O Rastro e a Travessia: A Filosofia em Duas Vozes … Gabriel Luz
O Rastro e a Travessia: A Filosofia em Duas Vozes de William Contraponto
Por Neno Marques
Há poetas que escrevem versos. William Contraponto escreve vetores. Seus poemas não se acumulam — se orientam. Essa direção se torna evidente quando aproximamos Ontologia do Legado e O Interlúdio das Verdades Porosas. Eles parecem, à primeira leitura, partilhar o mesmo território temático — o tempo, a passagem, a permanência — mas, na verdade, operam em planos distintos que se iluminam mutuamente.
O Interlúdio das Verdades Porosas pensa o movimento.
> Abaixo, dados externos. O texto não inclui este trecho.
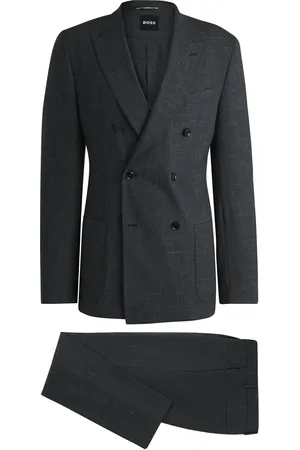 HUGO BOSS Costume Slim en laine, lin et stretch à motif
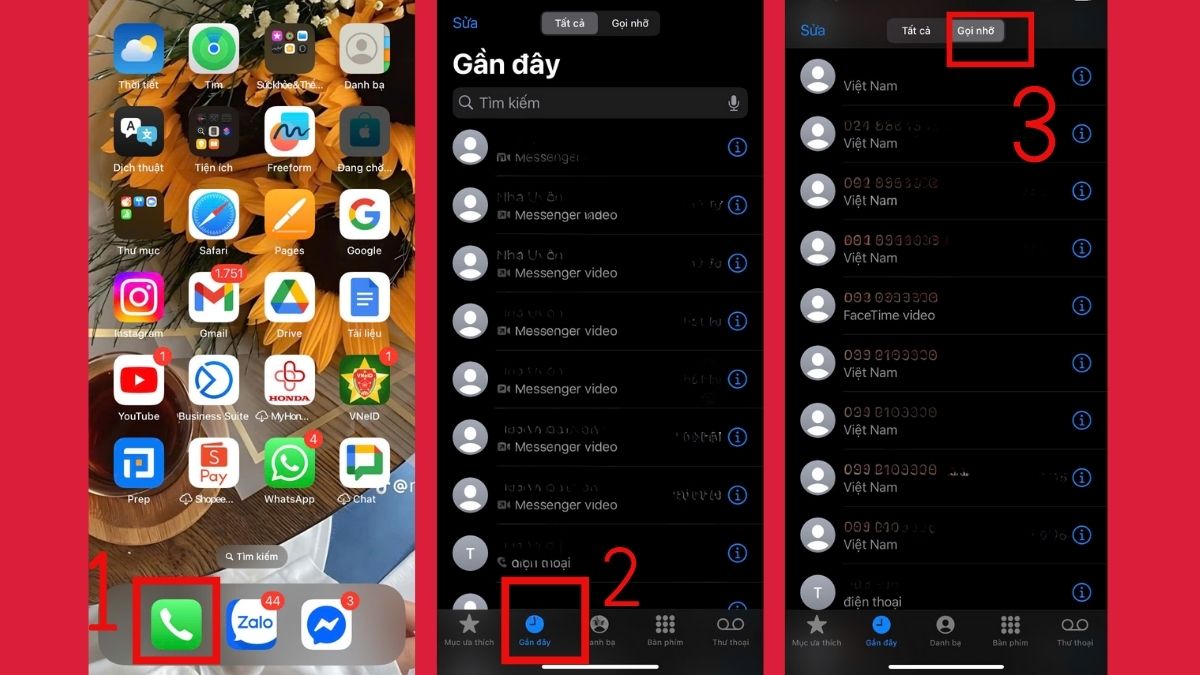 Kiểm tra cuộc gọi đến trực tiếp trên ứng dụng Điện thoại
É um poema sobre o sujeito em travessia, sobre o instante em que a consciência se reconhece no fluxo, lidando com limites, margens, incertezas. O ser aparece como processo, não como substância. É a filosofia existencial manifestada em poesia: o humano em ato, jamais fixo, sempre em trânsito.
Ontologia do Legado, por outro lado, desloca o olhar do caminhar para o rastro. Ele examina o que permanece depois da passagem, não como monumento, mas como metamorfose. O legado, aqui, não é uma herança estática: é aquilo que retorna transformado, moldado pelo tempo, reconfigurado pelas experiências que o tocam. É uma visão pós-estruturalista da permanência — o que se mantém é justamente o que muda.
Nessa complementaridade, William Contraponto faz filosofia. Ele não ergue sistemas; expõe tensões. Ele revela que entre o gesto e o eco existe uma zona onde a existência se dobra sobre si mesma. O Interlúdio das Verdades Porosas pensa a travessia; Ontologia do Legado pensa o vestígio. Juntos, formam uma unidade filosófica em que o ser se mostra duplamente: como movimento e como rastro.
E é nesse espaço — entre o que vive e o que permanece — que a poética de Contraponto assume sua natureza filosófica. Ele pensa o mundo enquanto o sente, e sente o mundo enquanto o problematiza. Sua poesia não explica: revela. Não conclui: desestabiliza. Ele devolve ao leitor o território original da filosofia — a inquietação.